This message was automatically generated.



> Queue submit ACL check is wrong when CS queue is ambiguous
> ----------------------------------------------------------
>
>                 Key: YARN-10787
>                 URL: https://issues.apache.org/jira/browse/YARN-10787
>             Project: Hadoop YARN
>          Issue Type: Bug
>    Affects Versions: 3.4.0
>            Reporter: Szilard Nemeth
>            Assignee: Gergely Pollák
>            Priority: Major
>             Fix For: 3.4.0
>
>         Attachments: YARN-10787.001.patch, YARN-10787.branch-3.3.001.patch
>
>
> Let's suppose we have a Capacity Scheduler configuration with 2 or more leaf 
> queues with the same name in the queue hierarchy. That's what we call an 
> ambiguous queue name.
>  Let's also enable ACL checks and define acl_submit_applications / 
> acl_administer_queue configs with the correct value, adding the username to 
> the ACL value there.
> Here's a minimalistic YARN + CS config:
> h2. 1. YARN config snippet:
> {code:java}
> <property><name>yarn.acl.enable</name><value>true</value>
> {code}
> h2. 2. CS config snippet:
> {code:java}
> <property>
>       <name>yarn.scheduler.capacity.root.someparent1.queues</name>
>       <value>anyotherqueue1,somequeue,anyotherqueue2</value>
> </property>
> <property>
>       <name>yarn.scheduler.capacity.root.someparent2.queues</name>
>       <value>anyotherqueue3,somequeue,anyotherqueue4</value>
> </property>
> <property>
>       
> <name>yarn.scheduler.capacity.root.someparent1.somequeue.acl_submit_applications</name>
>       <value>someuser1 </value>
> </property>
> <property>
>       
> <name>yarn.scheduler.capacity.root.someparent2.somequeue.acl_submit_applications</name>
>       <value>someuser1 </value>
> </property>
> <property>
>       
> <name>yarn.scheduler.capacity.root.someparent1.somequeue.acl_administer_queue</name>
>       <value>someuser1 </value>
> </property>
> <property>
>       
> <name>yarn.scheduler.capacity.root.someparent2.somequeue.acl_administer_queue</name>
>       <value>someuser1 </value>
> </property>
> {code}
> So in this case, we have an ambiguous queue named "somequeue" under 2 
> different paths:
>  - root.someparent1.somequeue
>  - root.someparent2.somequeue
> When a user submits an application correctly with the full queue path e.g. 

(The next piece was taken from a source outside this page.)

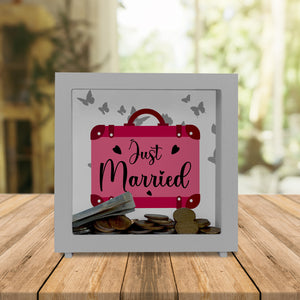 Just married Hochzeit Spardose mit pinkem Koffer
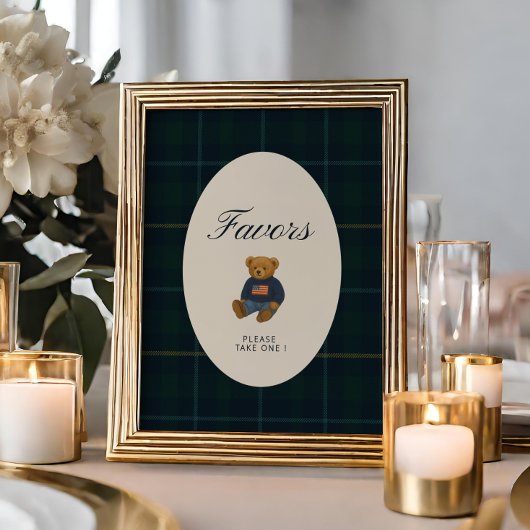 Preppy Teddy Polo Bear Baby Shower Favor Sign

> root.someparent1.somequeue, YARN will still fail to place the application to 
> that queue and will use the short name in case ACL checking is enabled.
> h2. 3. LOG SNIPPET
> {code:java}
> 2021-05-20 22:04:32,031 DEBUG 
> org.apache.hadoop.yarn.server.resourcemanager.placement.CSMappingPlacementRule:
>  Placement final result 'root.someparent1.somequeue' for application 
> 'application_1621540945412_0001'
>  2021-05-20 22:04:32,031 INFO 
> org.apache.hadoop.yarn.server.resourcemanager.RMAppManager: Placed 
> application with ID application_1621540945412_0001 in queue: somequeue, 
> original submission queue was: root.someparent1.somequeue
>  2021-05-20 22:04:32,031 ERROR 
> org.apache.hadoop.yarn.server.resourcemanager.scheduler.capacity.CapacityScheduler:
>  Ambiguous queue reference: somequeue please use full queue path instead.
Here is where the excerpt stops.